で、その美容師さんのカットはカッコよくて、皆にほめてもらえるほどなのだが、ときどきちょっと前髪がカッコよくたれすぎて、じゃまになる時期がある。少したつと耳にかけられるので無問題になるのだが。私のきげんが悪いときには、これがうざくて、ぐさっとクリップでとめてしまわずにはいられない。
今がちょうどその時期で、だからつい、買っちゃったりもするわけだ。
そして一方、やっぱりあのきれいなガラスの牛馬もほしいなあ、一年中仏壇に飾っとけばいいやんなどとの気持ちにもなりかけていて、非常にやばい。
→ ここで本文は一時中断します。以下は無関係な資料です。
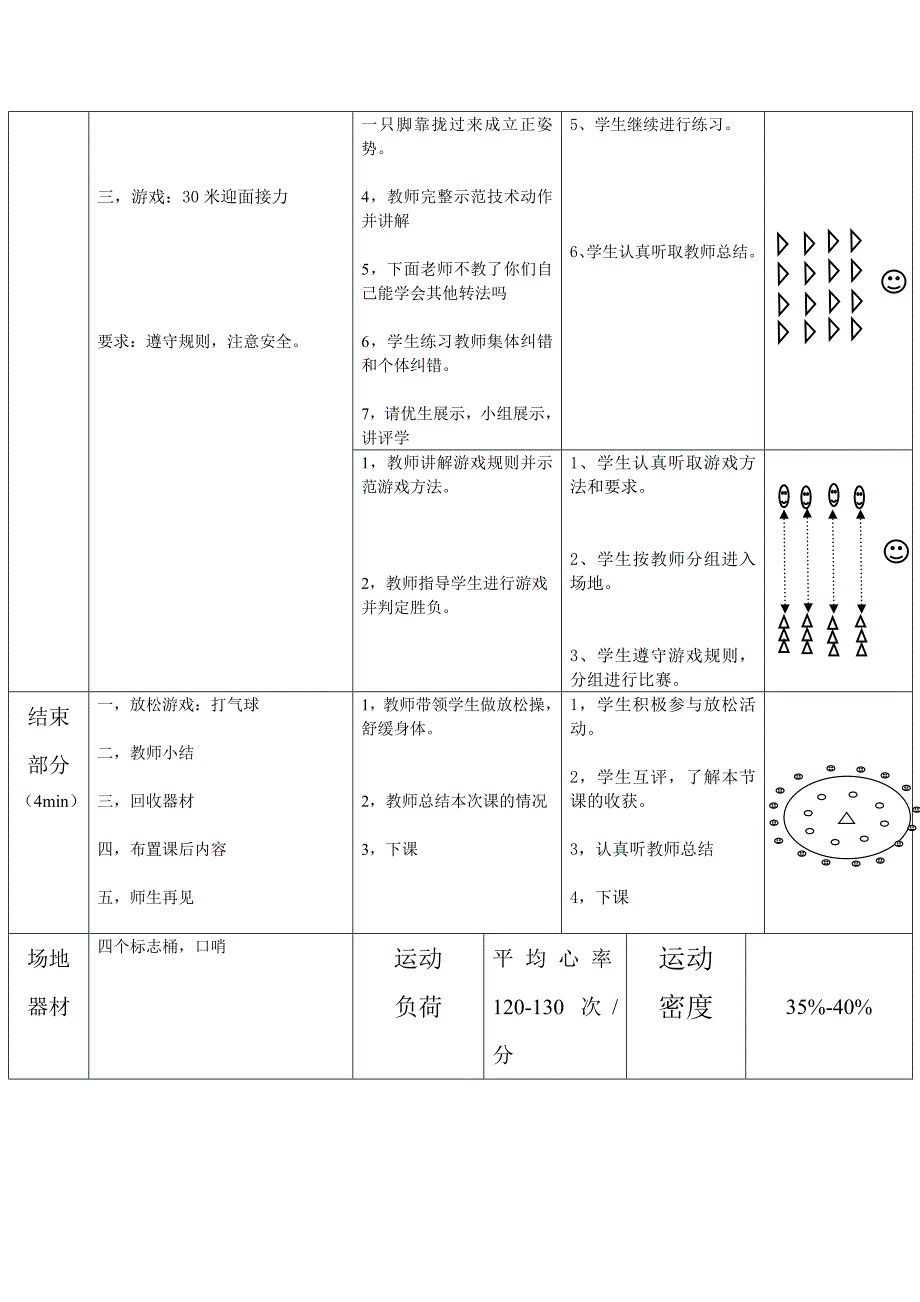 跳绳课课时计划1_第2页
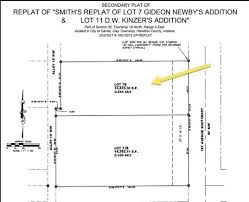 Indianapolis camel hugger definition / meaning should not be considered complete, up to date, and is not intended to be used in place of a visit, consultation, or advice of a legal, medical, or any other professional. 526 1st Ave Se Carmel In 46032 Estately Mls 21722138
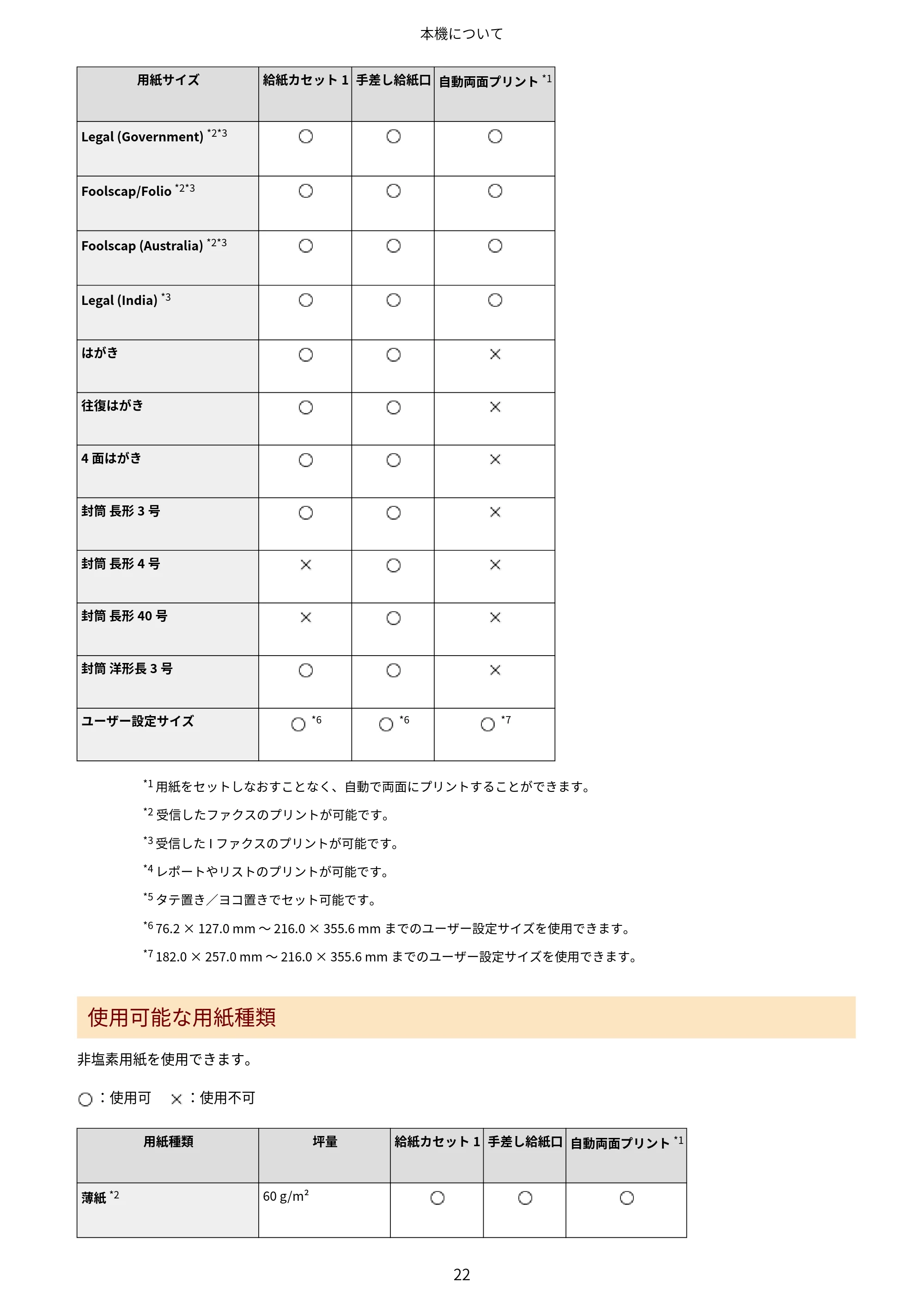 キヤノン MF665Cdw/MF663Cdw ユーザーズガイド 2026年6月25日更新（6.11 MB） — 原本ページ — 32ページ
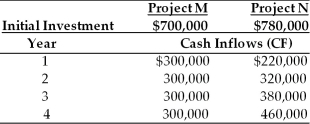 <strong>Table 12.3 Tangshan Mining Company is considering investment in one of two mutually exclusive projects M and N which are described below. Tangshan Mining's overall cost of capital is 15 percent, the market return is 15 percent and the risk-free rate is 5 percent. Tangshan estimates that the beta for project M is 1.20 and the beta for project N is 1.40. Which project, M or N, would be preferable if both projects were of average risk as the overall firm and Tangshan Mining has a beta of 1.0? (See Table 12.3)</strong> A) Project M. B) Project N. C) They are equivalent. D) none of the above.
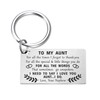 Mothers Day Aunt Gift from Nephew - Great Aunt Gifts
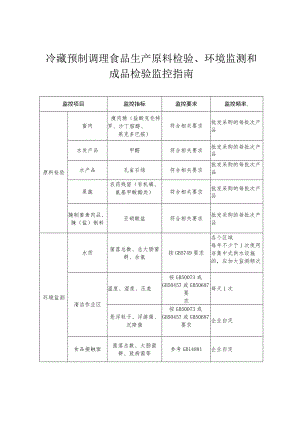 冷藏预制调理食品生产原料检验、环境监测和成品检验监控指南.docx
来年まで無事に生きていられたら(って、別に何か危険があるわけじゃないけど)買うことにするかとか、いろいろ自分をなだめている。
あー、こんなことにかまけていて、しかもその一方で、アメリカがウクライナにクラスター爆弾を供与し、ロシアも「クラスター爆弾なら、うちはもっといいのがたくさんある」とか言ってるらしい、世界情勢にも慄然としているから、仕事が進むはずもないやんね。
いただいた研究書の感想だけでも、少しずつ書きたいと思っているのに、そこまでなかなか行き着かない。
だいたい、学生時代にベトナム戦争反対とデモとかしてた私の記憶じゃ、クラスター爆弾やボール爆弾って、核兵器と同じぐらい、人が使っちゃいけないひどい兵器だぞという印象がある。爆発と同時に小さい弾が飛び散って、多くの人を残酷に傷つける武器のはずだ。そんなものを使って、人の肉体を破砕するのって、許されるもんじゃない。
あれだけ、そういう兵器の使用に抗議した学生時代だったのに、今回初めてニュースでその爆弾の映像を見た。映画「プラトーン」を映画館で初めて見たとき、それまで「日本の基地で、日本が米兵の死体の処理をしていて、戦争協力じゃないか」と何度も抗議していた、その死体袋なるものを実際に映像で目にしたときの、なまなましい感懐に似たものを感じてしまった。
こんなものが使われている世界。そこで死ぬ人たちがいる時代。
まあそんな中、やっとこさ、毛布を洗濯してベッドを夏仕様にした。猫のカツジが毛だらけにしたクローゼットの毛布たちも、明日は洗濯しないとかなあ。